First Annual Kids Yoga Held at the Livingston Public Library

by Danielle Santola       Saturday, August 3, 2013 • 6:55am

LIVINGSTON, NJ – This summer at the Livingston Public Library, certified Children’s Yoga Instructor Betty Larrea ran the first annual Kids’ Yoga program, which attracted an average of 20 children per session. The four-week program invited local youth to come together and expand their minds and creativity through yoga.

At first, the program was available to children in grades K-4, but as the weeks progressed parents began to participate in sessions alongside their children. Attendance also extended to infants as young as eight months old.

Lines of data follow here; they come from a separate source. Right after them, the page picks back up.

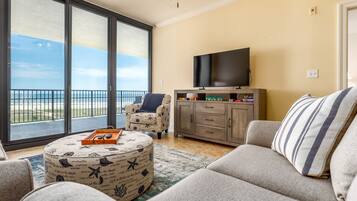 公寓客房, 3 間臥室 | 起居區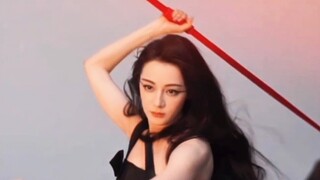 Lembing di balik layar majalah Reba! Garis otot ini hanyalah seorang prajurit lembing wanita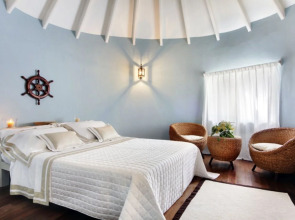 Nika Island Resort & Spa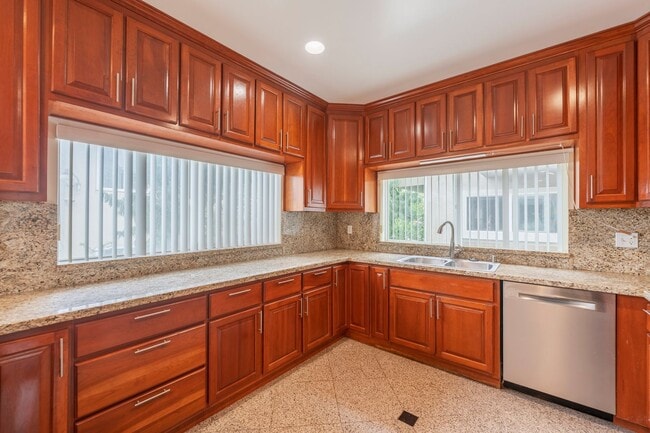 Building Photo - Spacious and Quiet Hawthorne Home!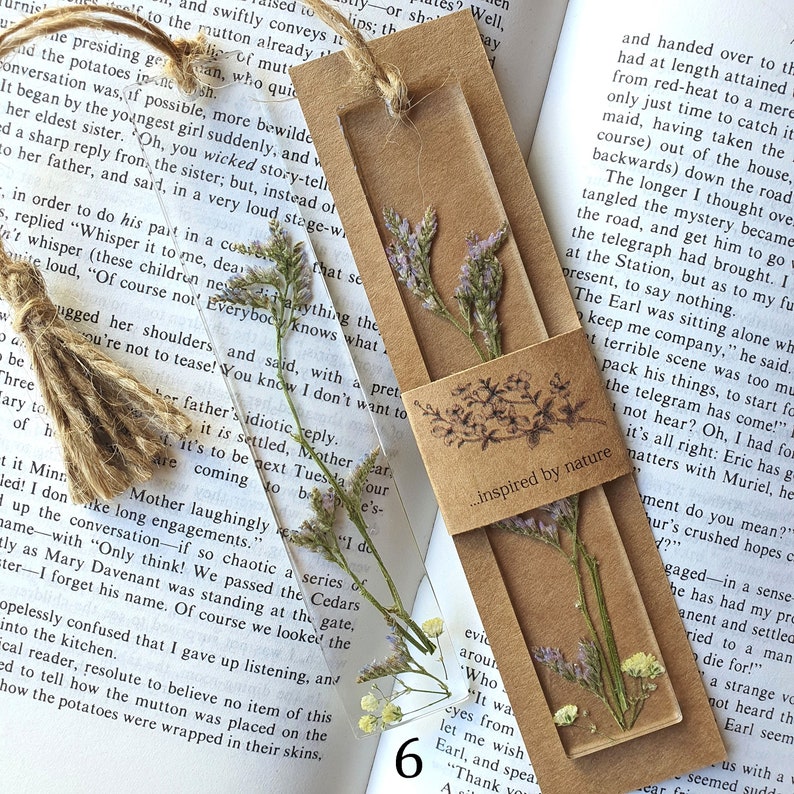 Bellissimi segnalibri ecologici Veri fiori secchi. Fatto a mano. Bellissimo regalo per lei e per lui. Regalo per gli amanti dei libri immagine 10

Each week, Larrea incorporated music and picture books to teach the children about breathing techniques, stretches and balance. Using a story for guidance, she asked the kids how they think a certain character might look and perform different actions accordingly. Many books have been written intentionally with instructional yoga references, but Larrea found that free form stories, like Marion Dane Bauer’s “How Do I Love You?” allow for greater imagination amongst the kids.

The Librarians often attempt to expand their involvement in the community by offering new and exciting activities. After hearing positive results from the yoga programs in surrounding towns, the Livingston Librarians decided to look into it.

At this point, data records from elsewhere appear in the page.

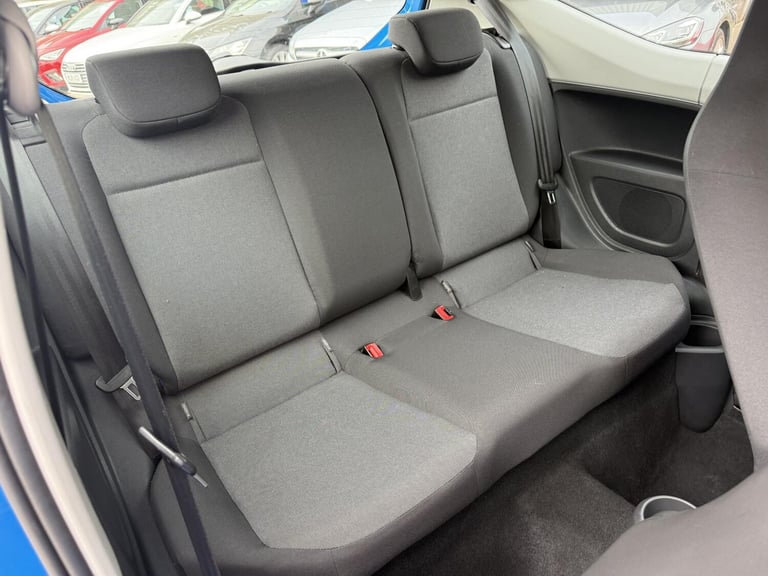 2014 Volkswagen up! 1.0 Move Up 3dr HATCHBACK PETROL Manual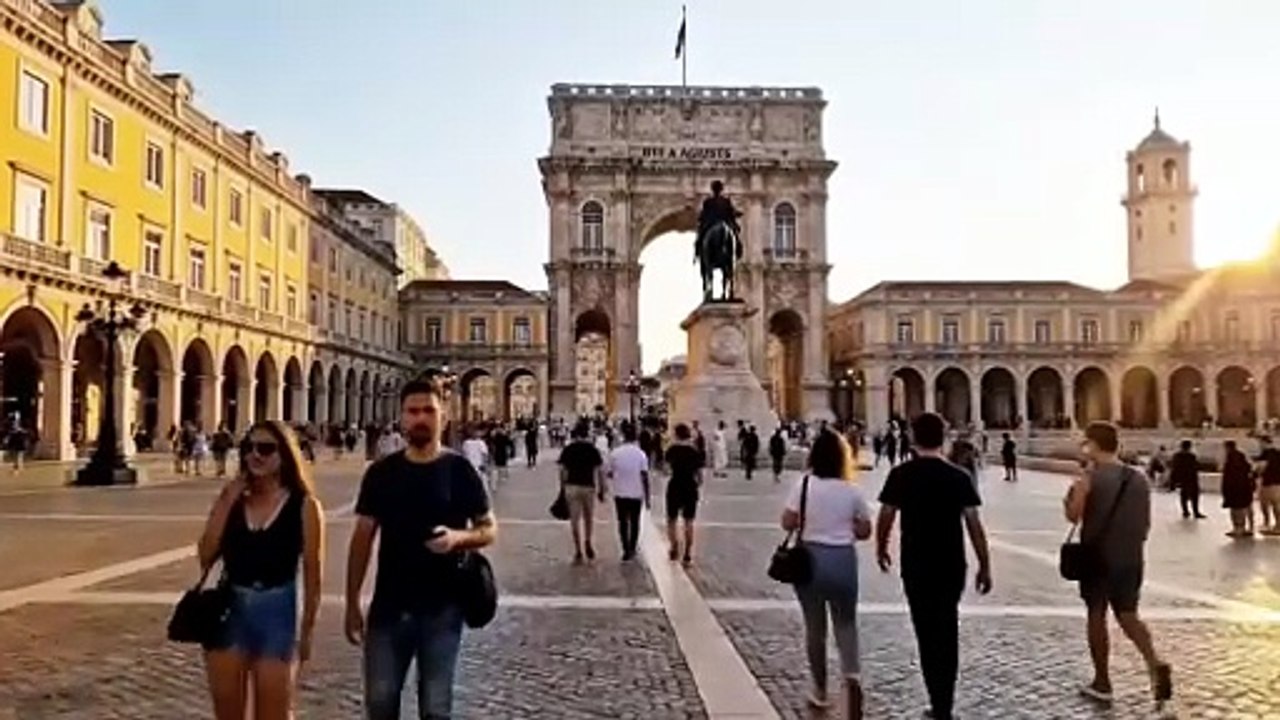Explore 18th-Century Lisbon: Wealth, Power, and a Looming Disaster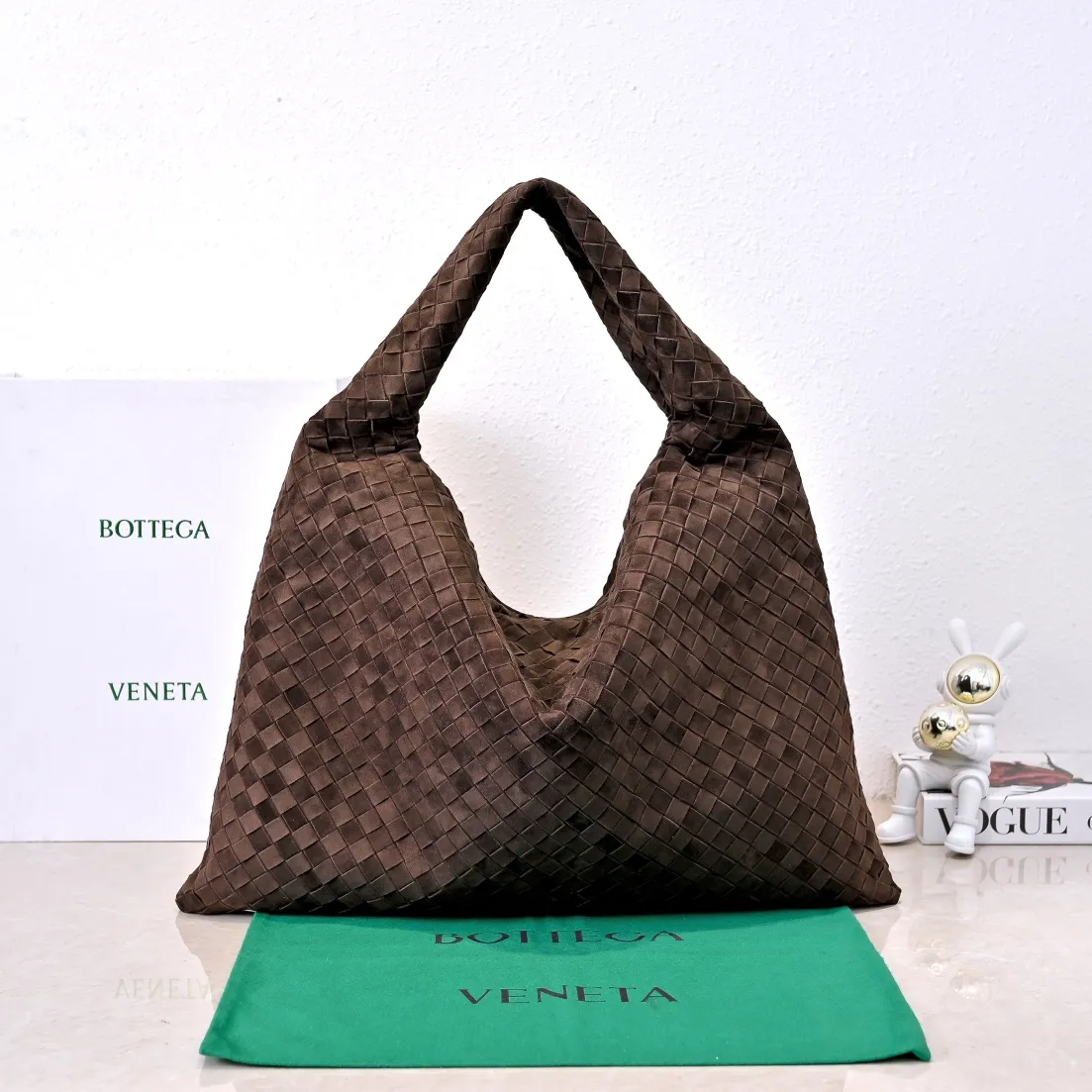 Batch 2160 #Bv Yangjin large size HOP cowhide, the bag body and handles are made of a whole piece of woven leather. The bag body is soft and lazy. Hop symbolizes the praise of innovation and eternal craftsmanship [love]. The pyramid silhouette combines practicality and fashion. Modern and casual, the bag mouth is double-sided closed design, more convenient and safe! Made of soft cowhide and full of texture, this is a must-have for fashionable ladies who like minimalism, comfort and casualness! Model: 3970 Dimensions: 54x24x13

“Yoga is something that enables kids to be creative and express themselves,” said Youth Service Librarian Gina Vaccaro. “We knew people would be interested and since we’re more of a cultural center rather than a traditional library, we’re always looking for new and exciting things.”

Larrea has been teaching yoga to kids for 13 years. She said the difference between adult and child yoga programs is that for kids it is about discovery first and poses later. When children are given the opportunity to express their creativity, she said, they are not only connecting with themselves but discovering new things about themselves as well.

“The connection of integrating the mind and the imagination is a holistic aspect that is already so natural to them,” Larrea said. “At the end there is a state of inner peace, being in their own space and finding a connection with themselves and that’s a beautiful thing.”

Vaccaro said that there was such a positive response from parents that the library intends on continuing the yoga program in the fall and expanding it to interested adults. One child even asked Larrea if she would be interested in helping him throw a yoga-themed birthday party.

“My favorite part of this summer’s experience was seeing the parents engaged,” Larrea said. “We played and had fun and it was a very bonding experience for the families.”